Academic background
- Alma mater: University of Sydney, University of Münster
- Thesis: Umschlag und Verwandlung Poet. Struktur u. Dichtungstheorie in R. M. Rilkes Lyrik d. mittleren Perodie (1907-1914) (1970)

= Judith Ryan =

Professor of Germanic literatures

Judith L. Ryan is the emerita Robert K. and Dale J. Weary Research Professor of German and Comparative Literature at Harvard University. She is known for her work on German studies from the 19th century to the present.

== Education and career ==
A graduate of the University of Sydney, Australia, she received her doctorate at the University of Münster, Germany, in 1970. Before joining the faculty at Harvard University in 1985, she taught at Smith College in Northampton, Massachusetts.

As of 2025 she is the emerita Robert K. and Dale J. Weary Research Professor of German and Comparative Literature.'

== Awards and honors ==
Ryan received the Humboldt Research Award in 2009-2010. She received the Basilius Award for Germanics for her book The Uncompleted Past: Postwar German Novels and the Third Reich and was twice awarded the Max Kade Prize for Best Article of the year in The German Quarterly (in 1982 and 1990).

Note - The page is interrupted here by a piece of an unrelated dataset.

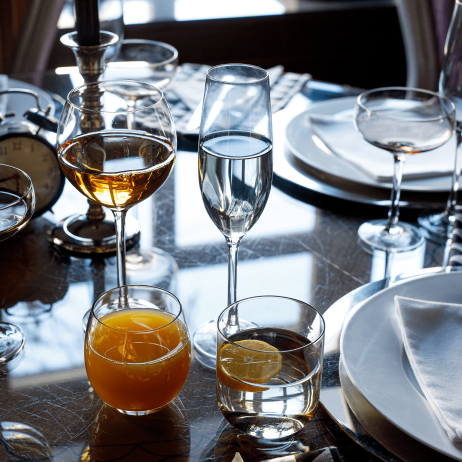 Sklenice na koktejly Gabu 250 ml set 6 ks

== Selected publications ==
- Ryan, Judith. The Cambridge Introduction to German Poetry. Cambridge: Cambridge University Press, 2012.
- Ryan, Judith. The Novel After Theory. New York: Columbia University Press, 2012.
- Wellbery, David, and Judith Ryan. A New History of German Literature. Cambridge, MA: Harvard University Press 2004, 2004.
- Ryan, Judith. Rilke, Modernism and Poetic Tradition. Cambridge UK: Cambridge University Press, 1999.
- Ryan, Judith. The Vanishing Subject: Early Psychology and Literary Modernism. Chicago: Chicago University Press, 1991.
- Ryan, Judith. The Uncompleted Past: Postwar German Novels and the Third Reich. Detroit: Wayne State University Press, 1983.
- Ryan, Judith. Umschlag und Verwandlung. Poetische Struktur und Dichtungstheorie in R. M. Rilkes Lyrik der mittleren Periode (1907-1914). Munich: Winkler, 1972.